それは今から18年前の1995年7月18日のこと。この峠の下りでバイクをコントロールし切れず、次々選手がクラッシュ。谷底に転落した者もいた。そんな中、ひとり、力なく、「く」の字で地面に横たわり、微動だにしない選手がいた。

彼の名は、ファビオ・カザルテッリ。当時ヘルメット着用は義務でなく、むきだしの頭部付近から、流血していた。

関係者が駆けつけ脈をとる。しかしすでにその時点で、なすすべはなかった。
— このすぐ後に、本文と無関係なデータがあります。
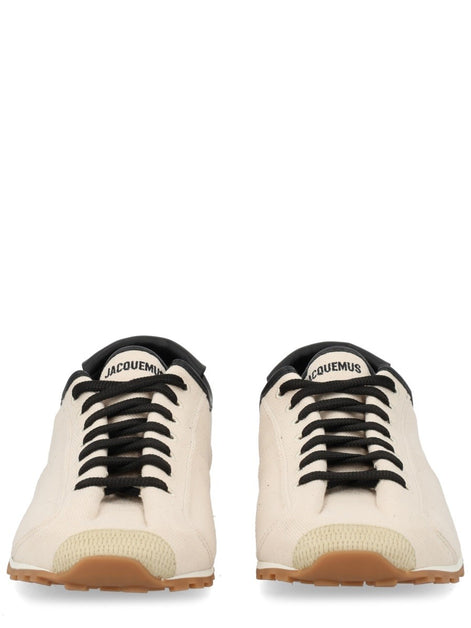 JACQUEMUS SNEAKER "LES TENNIS"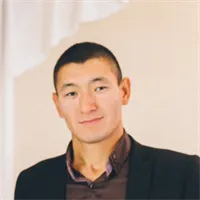 Фотография репетитора Ауганбаев Жаслан Борисович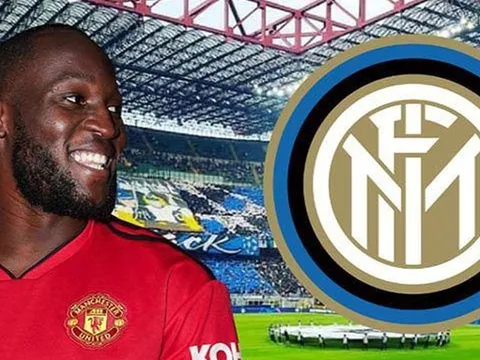 Đồng đội lên tiếng về việc Inter Milan chiêu mộ Lukaku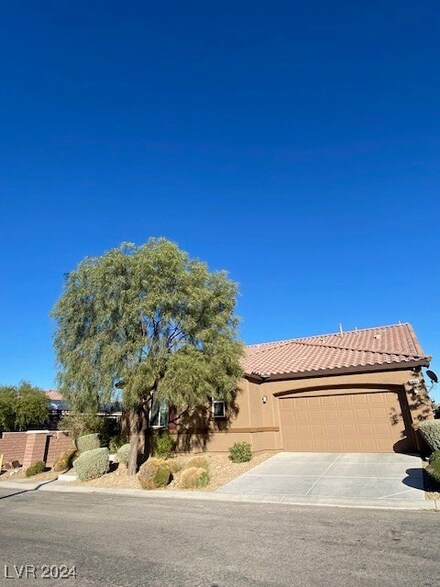11184 Ferguson Springs St, Las Vegas, NV 89179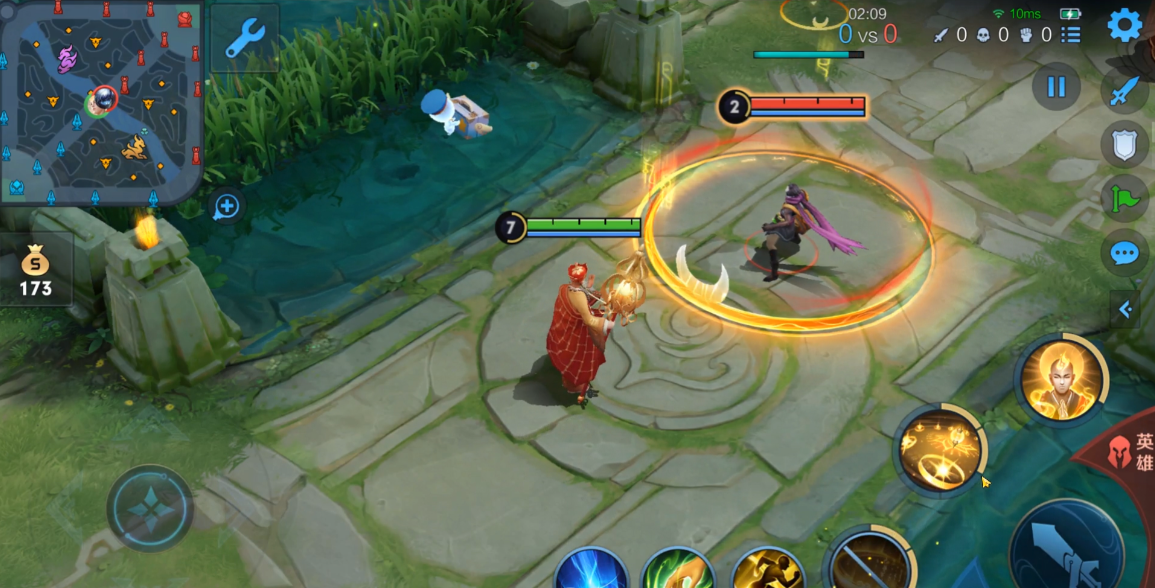 王者荣耀唐僧打辅助怎么出装 王者荣耀唐僧打辅助怎么出装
享年24歳、カザルテッリは帰らぬ人となる。

ツール・ド・フランス期間中に参戦選手が亡くなるのは、これで4人目だった。最初は、1910年の休息日、アドルフ・エリエールが海水浴中に溺死した。1935年にはフランシスコ・セペダがガリビエ峠の下りでクラッシュ。搬送途中で息を引き取った。1967年にはトム・シンプソンが、モンヴァントゥーの上りで突然死。暑さと薬物などの複合作用などと推測された。

カザルテッリの死は、ツールを震撼させた。テレビのニュース番組で大きく取り上げられ、徐々に事故の全貌が明らかになる。発生当時の検証があり、選手のコメント・所属チームの様子が少しずつ入り、周辺情報として、妻と生後2ヶ月の息子がいたことなどもわかった。

[写真1] レース中の自己で命を落としたカザルテッリ(1993年)
[写真2] 事故現場に建てられたカザルテッリの記念碑。隣に立つのはカザルテッリが事故当時所属していたモトローラチームで監督を務めたハニー・クイパー。(1997年)

当時、インターネットは発展途上。テレビと新聞が頼りで、数日間かけて様々なことが明らかになるなど、報道のペースは緩やかだった。

今ではツイッターなどネット媒体により、瞬時に怒涛の情報量が世界中に発信される。ただ、その分、新たな別のニュースへと人々の関心が移る速度も速い。

通信の高速化はありがたいことだ。しかし、もしもあの事故が現代に起こっていたら、じわじわと死を悼んだあの数日間までもが短縮されてしまいそうな気がする。

※本企画は2013年6月に実施されたものです。現在と情報が異なる場合がございますが、予めご了承ください。